With a pair of comfortable shoes and just a little bit of nerve, a trip up the 217-step winding staircase of "Old Barney" is well worth the 10-15-minute climb. The view from the top is spectacular, with breathtaking Island Beach State Park to the north, the 18 miles of Long Beach Island to the south and a bird's-eye view of Barnegat Inlet from every angle! This handsome 165-foot red and white tower, which was used as a lookout tower during WW I, was restored to its original splendor in 1988 and remains a symbol of the state's proud maritime heritage. The original 40-foot lighthouse was built in 1835 to mark a hazardous shoal as well as the fortieth parallel, a point crucial to transatlantic navigation. Its beehive-shaped Fresnel lens can be viewed at the nearby Barnegat Lighthouse Museum. Six feet in diameter, the 12-foot-high lens is formed from 1,024 separate prisms mounted in bronze fittings.
Twin Lights of Navesink
With its unique twin tower design, the lighthouse towers 250 feet above Sandy Hook Bay, on one of the highest points along the coast. Twin Lights is where the United States' first Fresnel lens was located. Guglielmo Marconi demonstrated the first practical use of the wireless telegraph from Navesink in 1899; the first lamps to be fueled by kerosene were used here in 1883. In 1898, it was one of the first electrically lit seacoast lighthouses in the country. The present day brownstone double lighthouses were built in 1862 on the site of the original 1828 Navesink Lighthouses. Decommissioned in 1949, the handsome building today houses a museum of lighthouse and lifesaving station artifacts, offering films and slide shows. Spectacular views are available from atop the medieval-style towers.

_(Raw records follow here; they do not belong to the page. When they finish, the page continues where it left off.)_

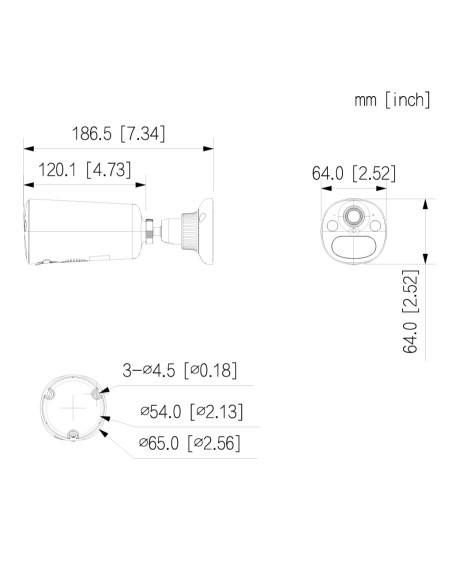 Comprar DAHUA BF8CA-XL/M0508 Tubular IP H265 8M Iluminación Dual LED20m/IR15m 2.1mm IP66 PIR MIC/Altavoz WiFi AI color negro con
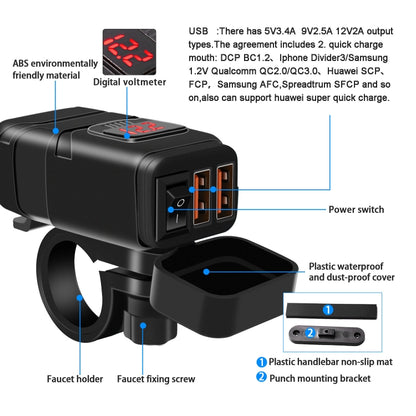 Universal Car Super Quick Dual Port USB Charger Power Outlet Adapter with LED Digital Voltmeter(Red Light) - In Car by buy2fix | Online Shopping UK | buy2fix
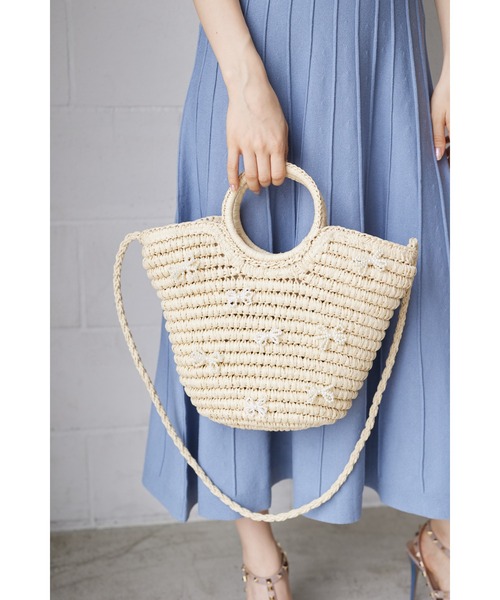 tocco closet（トッコ　クローゼット）の「【ZOZO限定】パールリボンカゴバック（かごバッグ・レディース・ベージュ/ブラウン・FREE）」の2枚目の写真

Finns Point Rear Range Light
Originally constructed in Buffalo, New York and then moved here by train and mule-wagon, this unusual wrought-iron, open-frame, lighthouse was built at a cost of $1,200 in 1876. Standing 115 feet tall, it featured a 24-inch range lens with double wick burner and kerosene vapor lamp emitting 150,000 candlepower. Close by is Fort Mott State Park, a 104-acre waterfront park with buildings and gun emplacements from the Spanish-American War.
Tucker's Island Light
Tucker's Island Light is a re-creation of an Atlantic Ocean lighthouse that fell into the sea in 1927 after years of pounding surf and beach erosion. Originally erected in 1848, the re-created lighthouse now stands in the Tuckerton Seaport Village, serving as a maritime interpretive center. It houses exhibits telling the history of the U.S. Lifesaving Service, Barnegat Bay pirates and the bay itself. Tuckerton Seaport is a newly re-created working maritime village, celebrating the legacy of the Jersey Shore and is located on a 40-acre site adjacent to Tuckerton Creek.